** Data for processing **
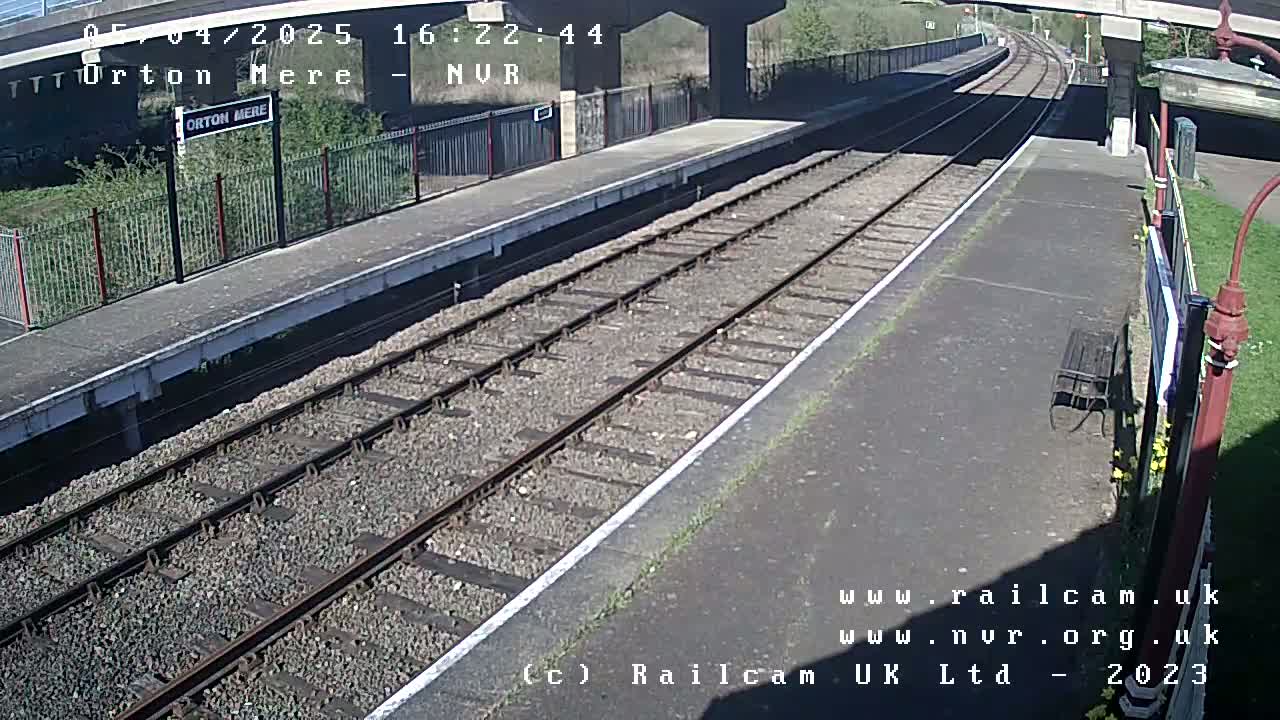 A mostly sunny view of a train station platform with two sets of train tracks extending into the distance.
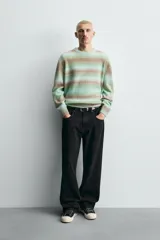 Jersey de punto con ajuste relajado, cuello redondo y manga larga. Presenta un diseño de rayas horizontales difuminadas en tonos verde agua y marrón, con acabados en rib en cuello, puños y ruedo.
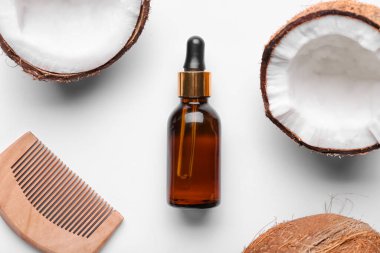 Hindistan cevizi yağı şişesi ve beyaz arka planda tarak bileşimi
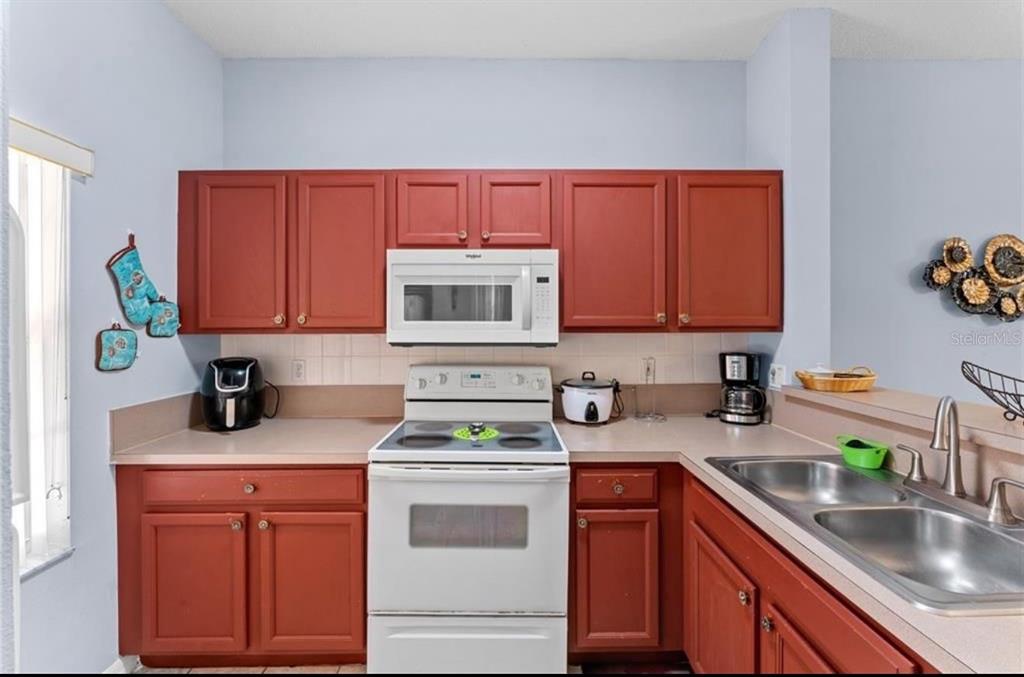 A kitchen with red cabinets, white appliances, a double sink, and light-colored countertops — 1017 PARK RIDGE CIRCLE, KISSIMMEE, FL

==

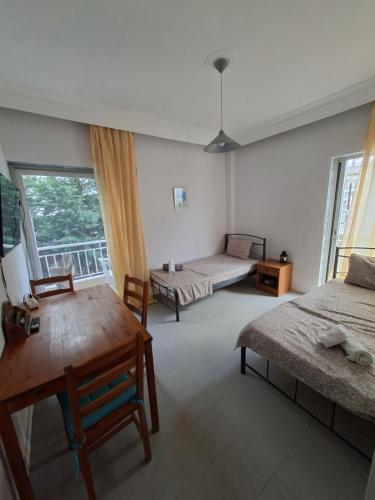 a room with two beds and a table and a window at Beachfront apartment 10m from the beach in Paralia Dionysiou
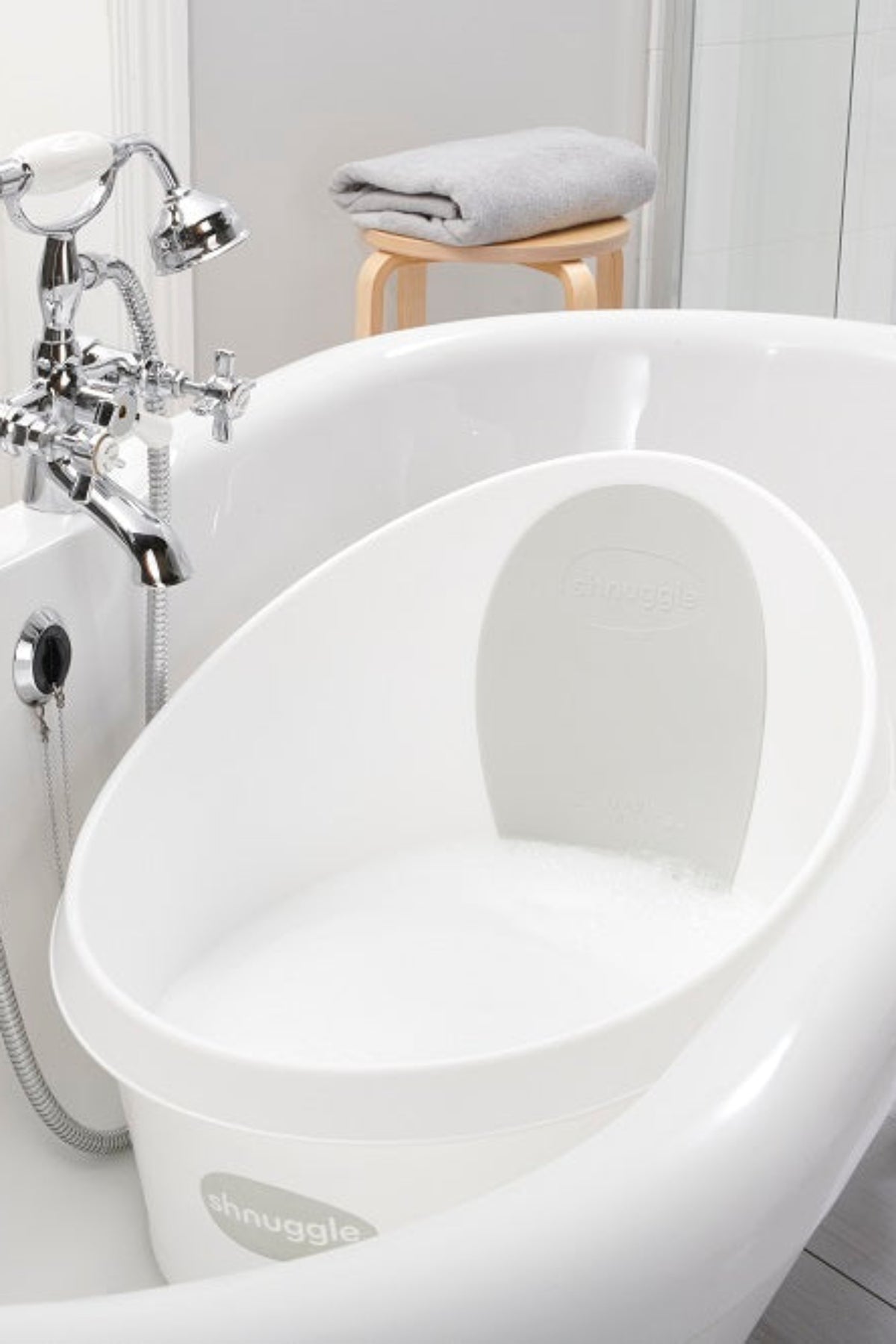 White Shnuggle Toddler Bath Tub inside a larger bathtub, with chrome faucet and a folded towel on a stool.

** What the exercise asks **
For this exercise, set down the lines in the entries above from the one with "A mostly sunny" through the one with "A kitchen with" exactly as written, without any pictures.

** Solution **
 A mostly sunny view of a train station platform with two sets of train tracks extending into the distance.
 Jersey de punto con ajuste relajado, cuello redondo y manga larga. Presenta un diseño de rayas horizontales difuminadas en tonos verde agua y marrón, con acabados en rib en cuello, puños y ruedo.
 Hindistan cevizi yağı şişesi ve beyaz arka planda tarak bileşimi
 A kitchen with red cabinets, white appliances, a double sink, and light-colored countertops — 1017 PARK RIDGE CIRCLE, KISSIMMEE, FL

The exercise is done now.